Apesar da idade – estamos já há mais de um século de sua ereção – esta joia ainda refulge com jovialidade. O sol não requeimou os mármores multicolores, as portas de bronze resistem à cobiça do tempo, as dezesseis colunas monolíticas suportam, elegantes e poderosas como os braços de nossos atletas, a cúpula coberta de lâminas de prata.
E o interior abriga uma maravilha ainda maior. Entremos! Entremos, que a isso têm direito todos os cidadãos romanos. O chão é maravilhoso com suas pedras polidas a refletir o sol, que entra escachoante por uma abertura com nove metros de diâmetro. A cúpula… Eis aí, propriamente, um céu de pedra. Com 43,5 metros de altura e 43,5 metros de diâmetro, o teto forma uma semiesfera perfeita, em lembrança da abóbada celeste.

Mas tiremos os olhos do céu, para voltá-los aos deuses. Eles, como nós, encontram-se na terra. Cada um dos numerosos nichos acolhe uma divindade. Ali está Minerva Criselefantina, mãe do felizmente reinante Imperador Domiciano. Ao seu lado, Júpiter Vingador ameaça desfazer as nuvens em raios e os mortais em pedaços. Vênus, um pouco distante, exibe joias assaz terrenas, pois pertenceram a Cleópatra. Baco, no seu canto, ri embriagado.

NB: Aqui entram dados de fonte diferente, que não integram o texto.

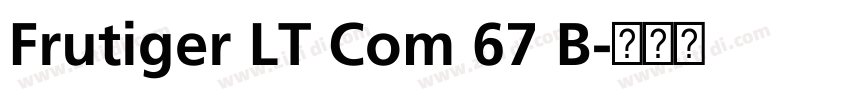 Frutiger LT Com 67 B字体转换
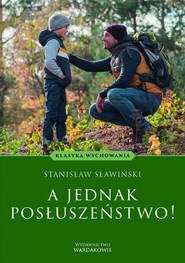 A jednak posłuszeństwo!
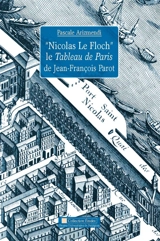 Nicolas Le Floch, le tableau de Paris de Jean-François Parot - Pascale Arizmendi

Eles ostentaram nomes diversos outrora – como Atena e Zeus –, mas estão presentes também os que omitiram a mudança de cartório e que compõem, mesmo assim, este comitê intercontinental: a Cibele frígia; a fenícia Astarte; o deus Átis; Baal, o infanticida siro-fenício; uma comissão egípcia presidida por Osíris-Serápis, acompanhado da esposa, Ísis; Mitra, o patrono persa da luz; Adônis de Biblos; Tamuz; Malakbel de Palmira; Dushara, o árabe… e outros tantos numes importados.

Como se vê, os asiáticos estão de moda; foi isso, aliás, o que motivou o resmungo conservador e satírico de Juvenal há alguns dias: “Iam pridem Syrus in Tiberim defluxit Orontes – O rio sírio Orontes veio desaguar no Tibre”.2 Nesse dia fez-se, no Senado, uma discussão digna de ser presidida por Marte. Mas a diplomacia venceu. Quer dizer, a fé…

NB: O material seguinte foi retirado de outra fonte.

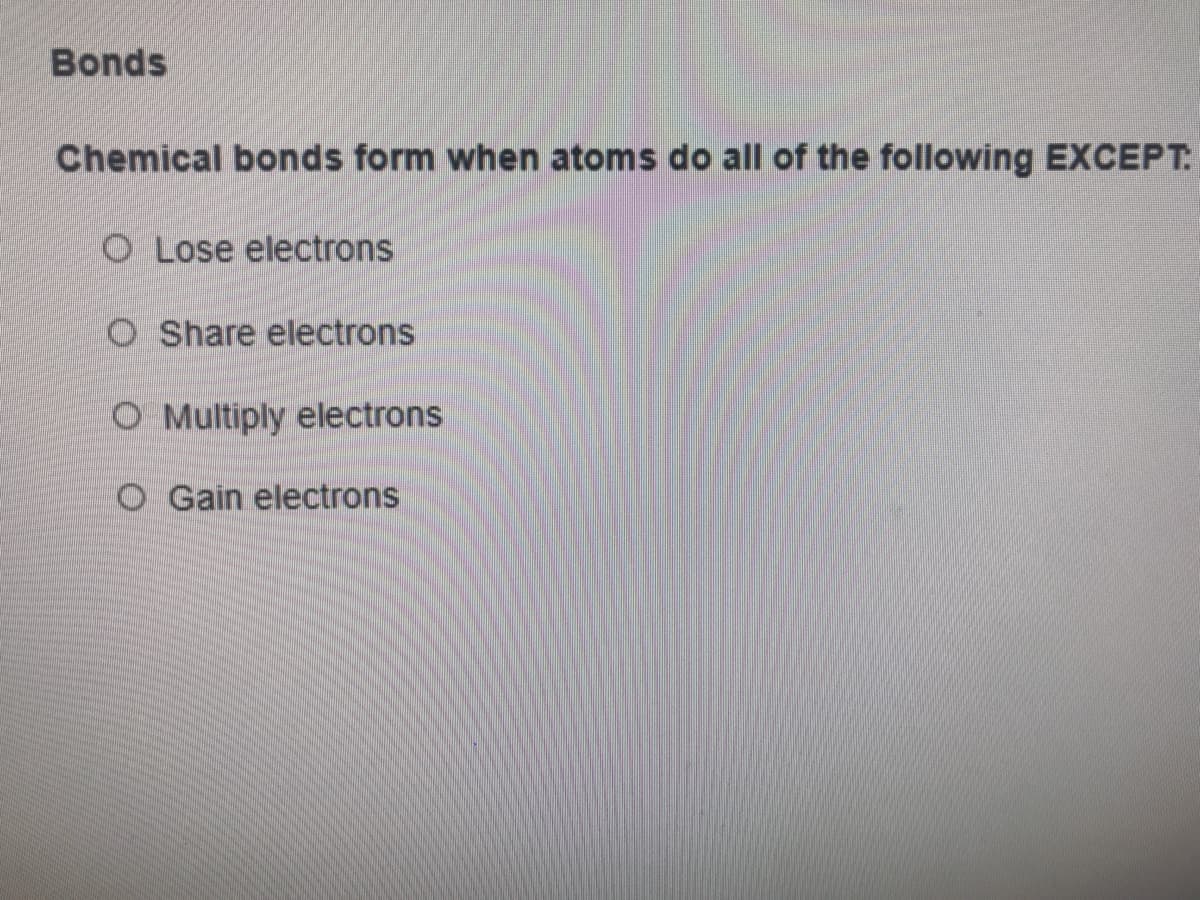 Bonds
Chemical bonds form when atoms do all of the following EXCEPT
O Lose electrons
O Share electrons
O Multiply electrons
O Gain electrons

Aqui no Panteão, entretanto, reina a paz, graças ao engenheiro que o desenhou. Este círculo perfeito foi montado para evitar qualquer disputa entre os deuses: nenhum deles está num posto mais elevado. Ademais, não há um centro. O lugar para o qual eles se voltam está reservado unicamente para os homens. O que podemos fazer? É o único modo de reuni-los todos.

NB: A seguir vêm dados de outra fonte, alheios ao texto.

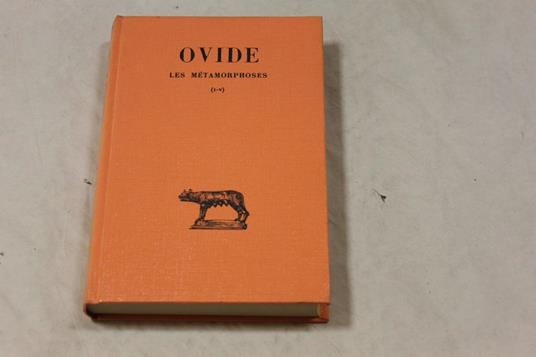 Ovidio. Les Mètamorphoses. Tome I. I-V - P. Nasone Ovidio - copertina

Todos… menos um. Um que não Se resignaria a essa condição de igualdade. É o Deus dos cristãos! E quando, outro dia, discutimos sobre a imigração massiva dos deuses asiáticos, a este Jesus Cristo foi barrada a entrada. Constam-nos, de fato, pelo menos dois crimes por Ele perpetrados contra a sociedade dos homens e dos deuses: exclusivismo e radicalidade.
Exclusivismo: é proclamado como a única divindade por seus sequazes. Se ao menos se contentasse em ser o primeiro entre os primeiros, como Júpiter, ainda O toleraríamos. Mas não! Não é um entre outros; é o único, repetem os cristãos.
Radicalidade: ensina a mansidão, a castidade, o desapego dos bens terrenos, a fé numa vida eterna, a crença numa ressurreição final; pior do que tudo, essa doutrina se traduz em obras. Se Ele não pregasse a continência, os hedonistas O adorariam; se sua lei não tivesse uma expressão prática, os filósofos O elogiariam; se não mencionasse uma ressurreição, os estoicos n’Ele acreditariam.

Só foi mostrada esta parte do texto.